## Exercise requirements
Output the whole listing below exactly, omitting the images.

## Data section
^^^^

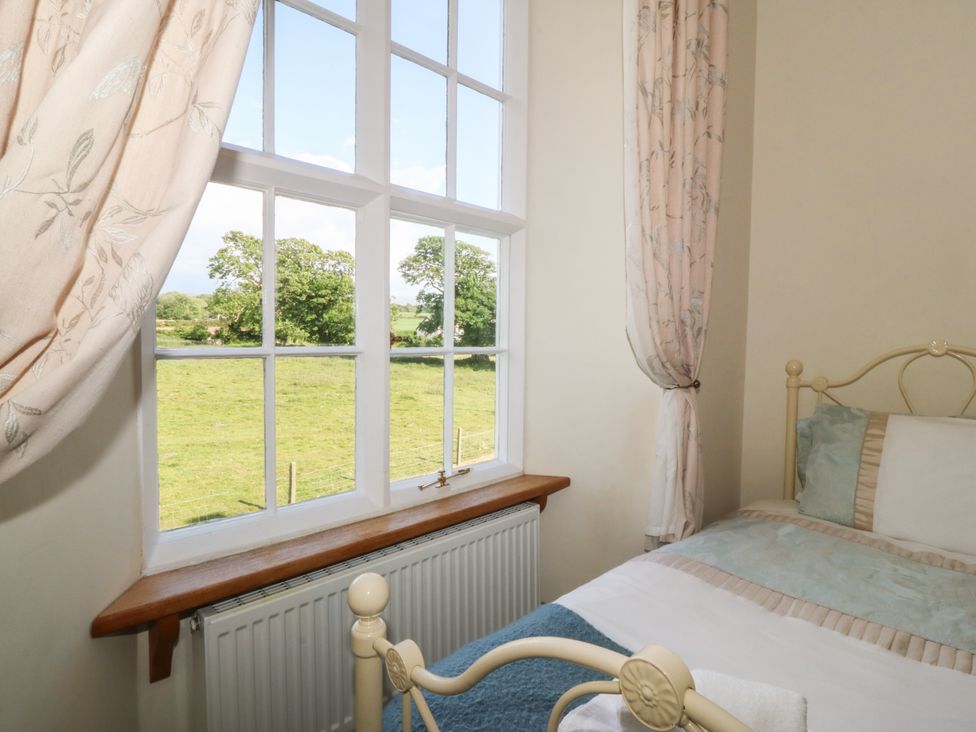 A bedroom with a metal bed near a window showing a green field at Glasfryn in Llandwrog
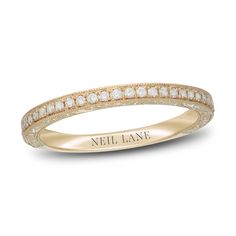 This gorgeous diamond wedding band from the Neil Lane Bridal® collection showcases a row of brilliant round-cut diamonds totaling 1/5 carat in weight. Set in timeless 14K yellow gold, the band is trimmed in classic milgrain detailing and crafted to pair with her matching engagement ring (sold separately). Wedding Band Gold, Neil Lane, Weight Set, Kay Jewelers, Diamond Wedding Band, Gold Wedding Rings, Matching Band, Gold Wedding Band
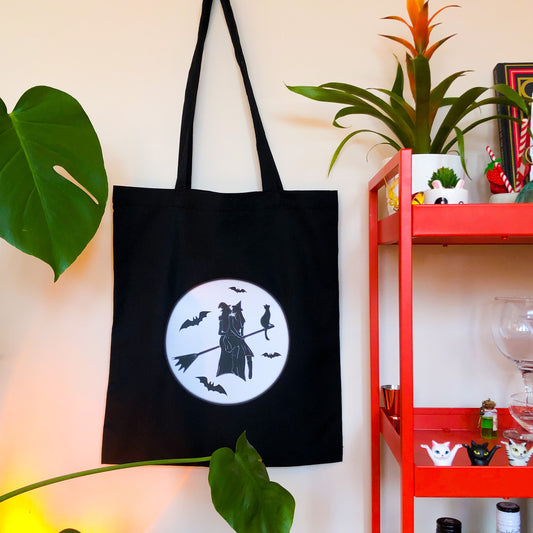 Gay witches on a broomstick, black tote bag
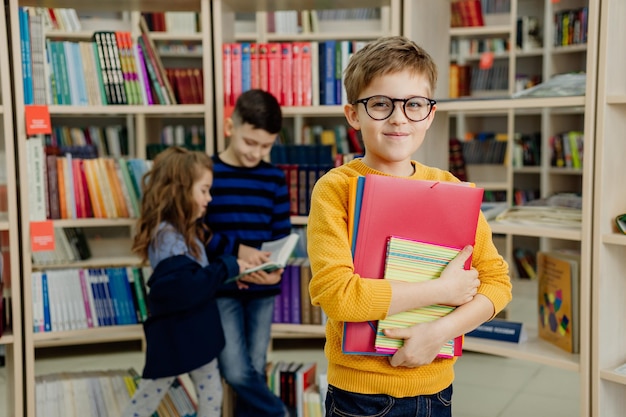 Crianças em idade escolar na biblioteca lendo livros, fazendo lição de casa, preparando-se para as aulas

^^^^

## Exercise result
 A bedroom with a metal bed near a window showing a green field at Glasfryn in Llandwrog
 This gorgeous diamond wedding band from the Neil Lane Bridal® collection showcases a row of brilliant round-cut diamonds totaling 1/5 carat in weight. Set in timeless 14K yellow gold, the band is trimmed in classic milgrain detailing and crafted to pair with her matching engagement ring (sold separately). Wedding Band Gold, Neil Lane, Weight Set, Kay Jewelers, Diamond Wedding Band, Gold Wedding Rings, Matching Band, Gold Wedding Band
 Gay witches on a broomstick, black tote bag
 Crianças em idade escolar na biblioteca lendo livros, fazendo lição de casa, preparando-se para as aulas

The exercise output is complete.